At Open Energi, we’ve been exploring how artificial intelligence and machine learning techniques can be leveraged to orchestrate massive amounts of demand-side flexibility – from industrial equipment, co-generation and battery storage systems – towards the one goal of creating a smarter grid.

We have spent the last 6 years working with some of the UK’s leading companies to manage their flexible demand in real-time and help balance electricity supply and demand UK-wide.  In this time, we have connected to over 3,500 assets at over 350 sites, operating invisibly deep with business processes, to enable equipment to switch on and off in response to fluctuations in supply and demand.

Already, we are well on the way to realising a smarter grid, but to unlock the full potential of demand-side flexibility, we need to adopt a portfolio level approach. Artifical intelligence and machine learning techniques are making this possible, enabling us to look across multiple assets on a customer site, and given all the operational parameters in place, make intelligent, real-time decisions to maximise their total flexibility and deliver the greatest value at any given moment in time.

For example, a supermarket may have solar panels on its roof and a battery installed on site, as well as flexibility inherent in its air-con and refrigeration systems. Using artificial intelligence and machine learning means we can find creative ways to reschedule the power consumption of many assets in synchrony, helping National Grid to balance the system while minimising the cost of consuming that power for energy users.

Lack of data is often an obstacle to progress but we collect between 10,000 and 25,000 messages per second relating to 30 different data points and perform tens of millions of switches per year. This data is forming the basis of a model which can look at a sequence of actions leading to the rescheduling of power consumption and make grid-scale predictions saying “this is what it would cost to take these actions”. The bleeding edge in deep reinforcement learning shows how, even with very large scale problems like this one, there are optimisation techniques we can use to minimise this cost beyond what traditional models would offer.

Artificial Intelligence model learning to control the electricity consumption of a portfolio of assets

Graph of AI model

More rapid progress could be made across the industry if energy companies made more anonymised half-hourly power data available. It would enable companies working on smart grid technologies to validate these ideas quickly and cheaply. In the same vein, it would be a major breakthrough for balancing electricity supply and demand if energy companies made available APIs for reporting and accessing flexibility; it would allow companies like Open Energi to unlock enormous amounts of demand-side flexibility and put it to good use balancing not just the grid but also helping to optimise the market positions of those same energy companies.

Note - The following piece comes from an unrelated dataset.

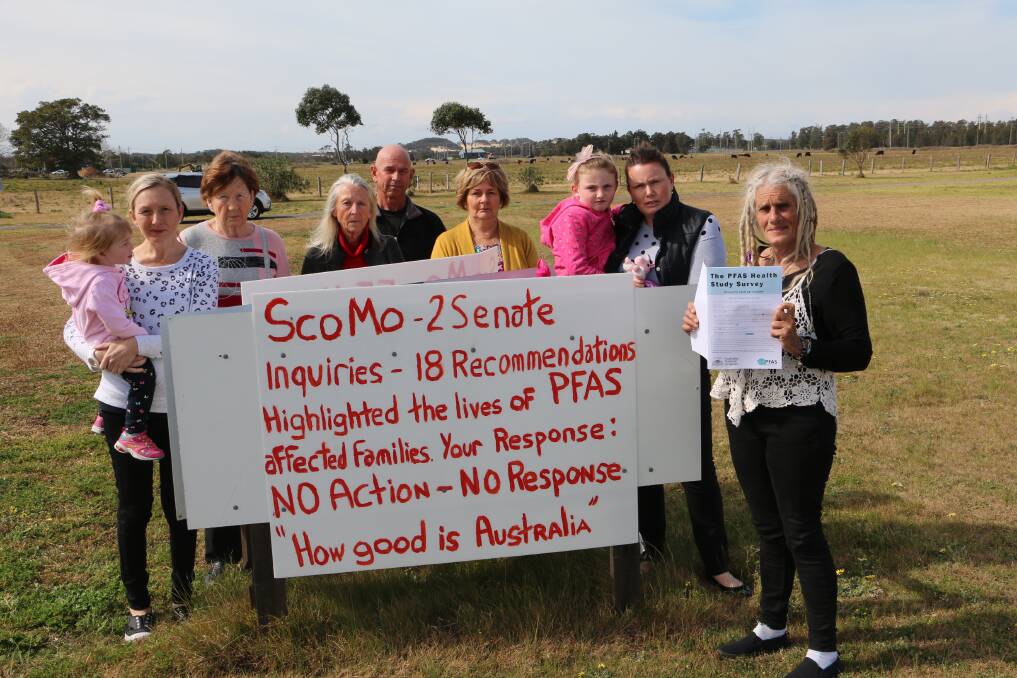ANGRY: Williamtown residents with Linden Drysdale (right) continue to live in fear of the potential physical and emotional health impacts from PFAS contamination emanating from the nearby RAAF Base.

In the UK alone, we estimate there is 6 gigawatts of demand-side flexibility which can be shifted during the evening peak without affecting end users. Put into context, this is equivalent to roughly 10% of peak winter demand and larger than the expected output of the planned Hinkley Point C – the UK’s first new nuclear power station in generations.  Artificial Intelligence can help us to unlock this demand-side flexibility and build an electricity system fit for the future; one which cuts consumer bills, integrates renewable energy efficiently, and secures our energy supplies for generations to come.

Michael Bironneau is Technical Director at Open Energi. He graduated from Loughborough University in 2014 with a PhD in Mathematics and has been writing software since the age of 10.